Archibald v Field
[2020] WASC 369
•14 OCTOBER 2020
JURISDICTION : SUPREME COURT OF WESTERN AUSTRALIA
IN CHAMBERS
CITATION: ARCHIBALD -v- FIELD [2020] WASC 369
CORAM: MASTER SANDERSON
HEARD: 16 SEPTEMBER 2020
DELIVERED : 14 OCTOBER 2020
PUBLISHED : 14 OCTOBER 2020
FILE NO/S: CIV 1112 of 2020
BETWEEN: VIVIENNE JANET ARCHIBALD
Plaintiff
AND
MALCOLM FIELD
First Defendant
VALERIE GWENNYTH VERA CROKER
Second Defendant
Catchwords:
Probate - Application by three sisters to be joint administrators of the estate with plaintiff - Application dismissed - Plaintiff appointed sole administrator of estate - Turns on own facts
Legislation:
Wills Act 1970 (WA)
Result:
Application by proposed intervenors be dismissed
Category: B
Representation:
Counsel:
| Plaintiff | : | R Cosentino |
| First Defendant | : | B Long |
| Second Defendant | : | E Rennie |
| Proposed Intervenors | : | J J Hockley |
| Proposed Intervenors | : | J J Hockley |
| Proposed Intervenors | : | J J Hockley |
Solicitors:
| Plaintiff | : | Vibe Legal Pty Ltd |
| First Defendant | : | Celtic Legal Pty Ltd |
| Second Defendant | : | Tolson & Co |
| Proposed Intervenors | : | Integra Legal |
| Proposed Intervenors | : | Integra Legal |
| Proposed Intervenors | : | Integra Legal |
Case(s) referred to in decision(s):
Nil
MASTER SANDERSON:
By writ of summons filed 28 January 2020, the plaintiff applied for a grant of letters of administration of the will of her late brother, Benjamin John Croker (the deceased) who died on or about 12 November 2018. The relevant facts are as follows.
In his will the deceased treated his four sisters equally, leaving each two shares in the family company, Brival Pty Ltd. One share in the company was left to each of his mother and father.

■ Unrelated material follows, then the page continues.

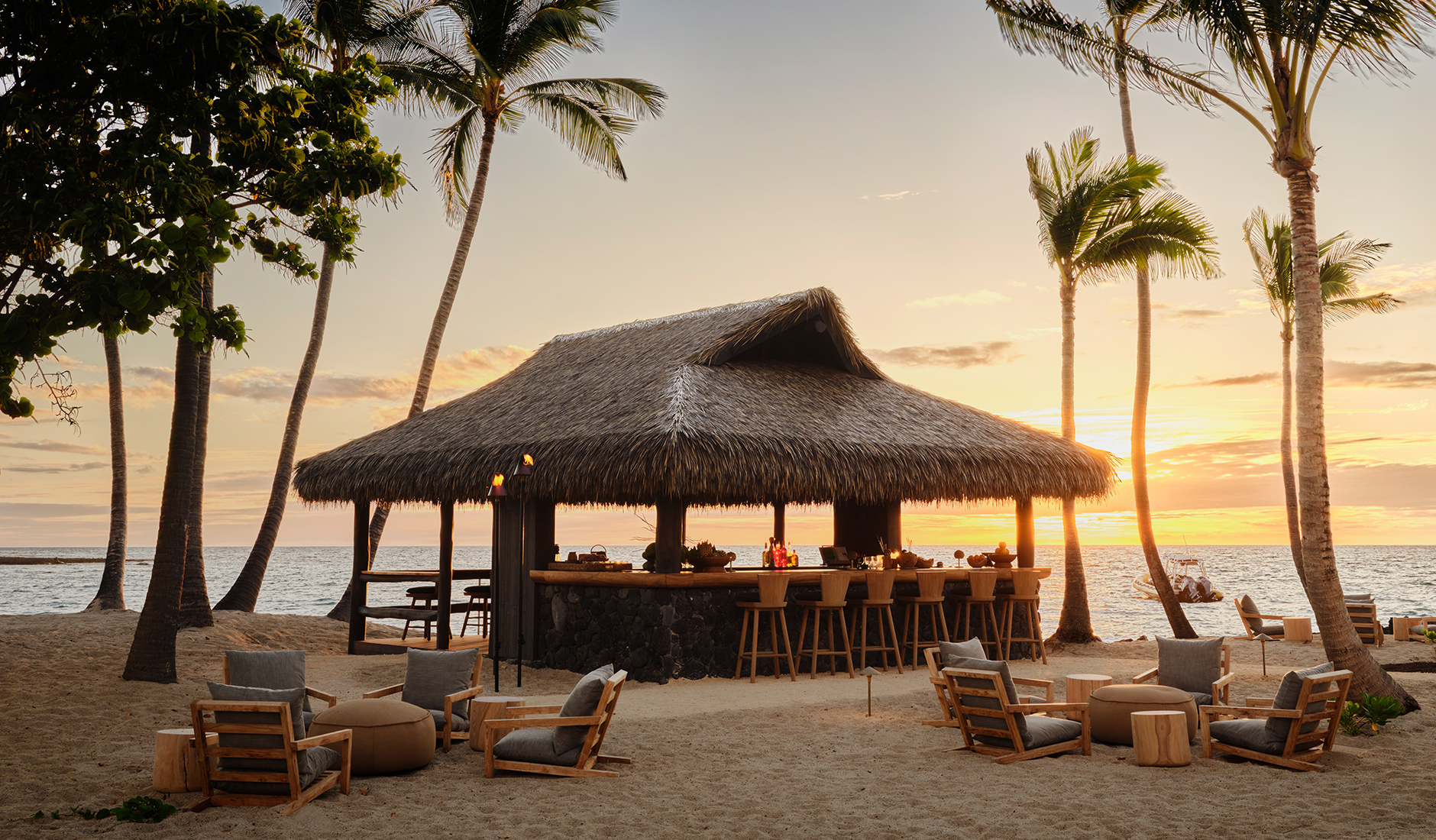 Rosewood Kona Village, Hawaii • The Top 100 New Luxury Hotels Opening Across the World in 2023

The deceased sister, Lindy Croker, was appointed guardian of the deceased's pets and the will directed that the sum of $10,000 be paid to Lindy for their ongoing care. The deceased parents were the residuary beneficiaries of his estate.[1]
[1] Affidavit of Anne Meredith Moor‑Crouch sworn 17 July 2020.
Brival Pty Ltd was a family business. It encountered financial difficulties between the date of the will and the date of his death. Before 11 November 2018 the deceased's father, Brian John Croker, went bankrupt. His trustee in bankruptcy is the first defendant. The second defendant is the deceased's mother.
On 11 November 2018, just before his death, the deceased made an informal amendment by codicil to his will. The codicil was not witnessed in accordance with s 8 of the Wills Act 1970 (WA). Under this codicil his father was removed as a joint beneficiary of the residuary estate, leaving his mother as the sole residuary beneficiary. The first and second defendants have filed a notice of intention to abide by the decision of the court.
The deceased's sisters, Ann Meredith Moor‑Crouch, Lindy Judith Croker and Nerida Louise Croker have not consented to the plaintiff obtaining a grant of letters of administration. They say they have not, until recently, been informed as to what was occurring regarding their brother's estate. By summons filed 20 July 2020, the deceased's three sisters applied to be joined as third defendants to the action. They do not actually oppose letters of administration being granted with respect to the will and the codicil. What they say, is that all four of the deceased's sisters should be joint administrators.
While I would accept it is open to the court to appoint all four of the deceased's sisters as administrators, it seems to me to be a pointless exercise. There is little or nothing in the estate. There appears to be some concern that the home of the deceased's parents may be at some risk in the administration. There is no evidence to support that contention. It is unfortunate that a level of distrust seems to have crept into what was a close and loving family. While I appreciate the proposed interveners are well motivated, there seems to be no logical reason why they should be made joint administrators of this estate.
The best outcome for all concerned is to make orders as sought in the writ of summons. The matter has been left for too long and any further complication of, and delay in, the administration of the estate is unwarranted.
On publication of these reasons, I will give the parties the opportunity to confer about the form of the orders. Subject to hearing from the parties, I would order that the costs of the plaintiff and of the proposed interveners be taxed and paid out of the assets of the estate.
I certify that the preceding paragraph(s) comprise the reasons for decision of the Supreme Court of Western Australia.